WORK ITEM:
Present the data once more in exactly its original form.

Records contained in a dataset:
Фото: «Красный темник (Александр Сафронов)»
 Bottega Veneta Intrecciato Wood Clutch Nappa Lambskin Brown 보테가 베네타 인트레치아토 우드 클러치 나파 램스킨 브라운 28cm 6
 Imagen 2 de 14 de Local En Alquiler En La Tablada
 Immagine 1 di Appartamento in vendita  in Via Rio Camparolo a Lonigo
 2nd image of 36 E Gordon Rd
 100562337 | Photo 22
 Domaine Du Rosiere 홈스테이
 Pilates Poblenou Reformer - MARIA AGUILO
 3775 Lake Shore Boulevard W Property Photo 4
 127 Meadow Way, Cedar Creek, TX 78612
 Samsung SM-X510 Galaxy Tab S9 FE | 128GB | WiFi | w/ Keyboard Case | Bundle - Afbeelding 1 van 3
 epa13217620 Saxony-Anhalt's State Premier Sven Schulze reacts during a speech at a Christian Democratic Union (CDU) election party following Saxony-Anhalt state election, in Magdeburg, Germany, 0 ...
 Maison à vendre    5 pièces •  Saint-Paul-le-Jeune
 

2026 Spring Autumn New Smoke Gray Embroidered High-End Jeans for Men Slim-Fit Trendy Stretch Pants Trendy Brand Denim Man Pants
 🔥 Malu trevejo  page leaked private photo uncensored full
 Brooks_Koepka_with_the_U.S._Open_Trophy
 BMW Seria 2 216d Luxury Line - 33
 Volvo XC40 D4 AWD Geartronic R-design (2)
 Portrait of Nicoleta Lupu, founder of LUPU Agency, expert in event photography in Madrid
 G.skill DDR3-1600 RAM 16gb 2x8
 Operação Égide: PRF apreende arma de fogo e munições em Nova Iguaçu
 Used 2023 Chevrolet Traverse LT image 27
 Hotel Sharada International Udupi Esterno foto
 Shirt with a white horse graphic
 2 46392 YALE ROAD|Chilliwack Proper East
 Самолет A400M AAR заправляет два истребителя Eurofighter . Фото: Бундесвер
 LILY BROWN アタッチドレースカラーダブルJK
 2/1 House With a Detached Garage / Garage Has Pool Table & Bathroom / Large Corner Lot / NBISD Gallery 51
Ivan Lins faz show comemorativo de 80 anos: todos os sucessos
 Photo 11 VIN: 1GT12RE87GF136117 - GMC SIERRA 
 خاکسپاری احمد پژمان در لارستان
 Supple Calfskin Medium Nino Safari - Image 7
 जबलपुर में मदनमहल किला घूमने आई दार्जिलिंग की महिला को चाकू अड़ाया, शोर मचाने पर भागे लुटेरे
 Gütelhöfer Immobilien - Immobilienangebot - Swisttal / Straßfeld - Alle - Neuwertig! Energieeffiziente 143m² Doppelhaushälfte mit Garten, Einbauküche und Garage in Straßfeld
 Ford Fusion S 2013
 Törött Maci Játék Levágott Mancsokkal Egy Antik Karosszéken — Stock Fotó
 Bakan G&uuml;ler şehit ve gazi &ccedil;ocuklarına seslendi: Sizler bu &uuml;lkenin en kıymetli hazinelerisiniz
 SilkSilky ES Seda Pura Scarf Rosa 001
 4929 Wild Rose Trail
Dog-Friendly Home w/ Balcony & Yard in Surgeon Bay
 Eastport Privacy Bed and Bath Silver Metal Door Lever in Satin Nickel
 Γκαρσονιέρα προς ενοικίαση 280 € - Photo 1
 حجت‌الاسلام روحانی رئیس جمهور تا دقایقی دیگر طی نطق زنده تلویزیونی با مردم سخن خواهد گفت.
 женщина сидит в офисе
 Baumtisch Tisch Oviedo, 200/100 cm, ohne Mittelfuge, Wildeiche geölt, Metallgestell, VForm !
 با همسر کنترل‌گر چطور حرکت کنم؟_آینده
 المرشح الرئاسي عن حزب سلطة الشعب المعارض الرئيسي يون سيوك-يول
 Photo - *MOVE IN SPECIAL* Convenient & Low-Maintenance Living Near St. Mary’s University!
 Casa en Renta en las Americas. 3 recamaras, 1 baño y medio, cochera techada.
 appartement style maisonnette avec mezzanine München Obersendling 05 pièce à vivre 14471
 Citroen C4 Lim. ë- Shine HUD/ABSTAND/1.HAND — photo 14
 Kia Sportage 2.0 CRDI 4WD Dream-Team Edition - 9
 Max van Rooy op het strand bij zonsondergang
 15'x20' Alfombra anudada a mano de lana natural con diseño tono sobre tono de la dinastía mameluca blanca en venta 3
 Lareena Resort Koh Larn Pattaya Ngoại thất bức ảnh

ANSWER BELOW:
Фото: «Красный темник (Александр Сафронов)»
 Bottega Veneta Intrecciato Wood Clutch Nappa Lambskin Brown 보테가 베네타 인트레치아토 우드 클러치 나파 램스킨 브라운 28cm 6
 Imagen 2 de 14 de Local En Alquiler En La Tablada
 Immagine 1 di Appartamento in vendita  in Via Rio Camparolo a Lonigo
 2nd image of 36 E Gordon Rd
 100562337 | Photo 22
 Domaine Du Rosiere 홈스테이
 Pilates Poblenou Reformer - MARIA AGUILO
 3775 Lake Shore Boulevard W Property Photo 4
 127 Meadow Way, Cedar Creek, TX 78612
 Samsung SM-X510 Galaxy Tab S9 FE | 128GB | WiFi | w/ Keyboard Case | Bundle - Afbeelding 1 van 3
 epa13217620 Saxony-Anhalt's State Premier Sven Schulze reacts during a speech at a Christian Democratic Union (CDU) election party following Saxony-Anhalt state election, in Magdeburg, Germany, 0 ...
 Maison à vendre    5 pièces •  Saint-Paul-le-Jeune
 

2026 Spring Autumn New Smoke Gray Embroidered High-End Jeans for Men Slim-Fit Trendy Stretch Pants Trendy Brand Denim Man Pants
 🔥 Malu trevejo  page leaked private photo uncensored full
 Brooks_Koepka_with_the_U.S._Open_Trophy
 BMW Seria 2 216d Luxury Line - 33
 Volvo XC40 D4 AWD Geartronic R-design (2)
 Portrait of Nicoleta Lupu, founder of LUPU Agency, expert in event photography in Madrid
 G.skill DDR3-1600 RAM 16gb 2x8
 Operação Égide: PRF apreende arma de fogo e munições em Nova Iguaçu
 Used 2023 Chevrolet Traverse LT image 27
 Hotel Sharada International Udupi Esterno foto
 Shirt with a white horse graphic
 2 46392 YALE ROAD|Chilliwack Proper East
 Самолет A400M AAR заправляет два истребителя Eurofighter . Фото: Бундесвер
 LILY BROWN アタッチドレースカラーダブルJK
 2/1 House With a Detached Garage / Garage Has Pool Table & Bathroom / Large Corner Lot / NBISD Gallery 51
Ivan Lins faz show comemorativo de 80 anos: todos os sucessos
 Photo 11 VIN: 1GT12RE87GF136117 - GMC SIERRA 
 خاکسپاری احمد پژمان در لارستان
 Supple Calfskin Medium Nino Safari - Image 7
 जबलपुर में मदनमहल किला घूमने आई दार्जिलिंग की महिला को चाकू अड़ाया, शोर मचाने पर भागे लुटेरे
 Gütelhöfer Immobilien - Immobilienangebot - Swisttal / Straßfeld - Alle - Neuwertig! Energieeffiziente 143m² Doppelhaushälfte mit Garten, Einbauküche und Garage in Straßfeld
 Ford Fusion S 2013
 Törött Maci Játék Levágott Mancsokkal Egy Antik Karosszéken — Stock Fotó
 Bakan G&uuml;ler şehit ve gazi &ccedil;ocuklarına seslendi: Sizler bu &uuml;lkenin en kıymetli hazinelerisiniz
 SilkSilky ES Seda Pura Scarf Rosa 001
 4929 Wild Rose Trail
Dog-Friendly Home w/ Balcony & Yard in Surgeon Bay
 Eastport Privacy Bed and Bath Silver Metal Door Lever in Satin Nickel
 Γκαρσονιέρα προς ενοικίαση 280 € - Photo 1
 حجت‌الاسلام روحانی رئیس جمهور تا دقایقی دیگر طی نطق زنده تلویزیونی با مردم سخن خواهد گفت.
 женщина сидит в офисе
 Baumtisch Tisch Oviedo, 200/100 cm, ohne Mittelfuge, Wildeiche geölt, Metallgestell, VForm !
 با همسر کنترل‌گر چطور حرکت کنم؟_آینده
 المرشح الرئاسي عن حزب سلطة الشعب المعارض الرئيسي يون سيوك-يول
 Photo - *MOVE IN SPECIAL* Convenient & Low-Maintenance Living Near St. Mary’s University!
 Casa en Renta en las Americas. 3 recamaras, 1 baño y medio, cochera techada.
 appartement style maisonnette avec mezzanine München Obersendling 05 pièce à vivre 14471
 Citroen C4 Lim. ë- Shine HUD/ABSTAND/1.HAND — photo 14
 Kia Sportage 2.0 CRDI 4WD Dream-Team Edition - 9
 Max van Rooy op het strand bij zonsondergang
 15'x20' Alfombra anudada a mano de lana natural con diseño tono sobre tono de la dinastía mameluca blanca en venta 3
 Lareena Resort Koh Larn Pattaya Ngoại thất bức ảnh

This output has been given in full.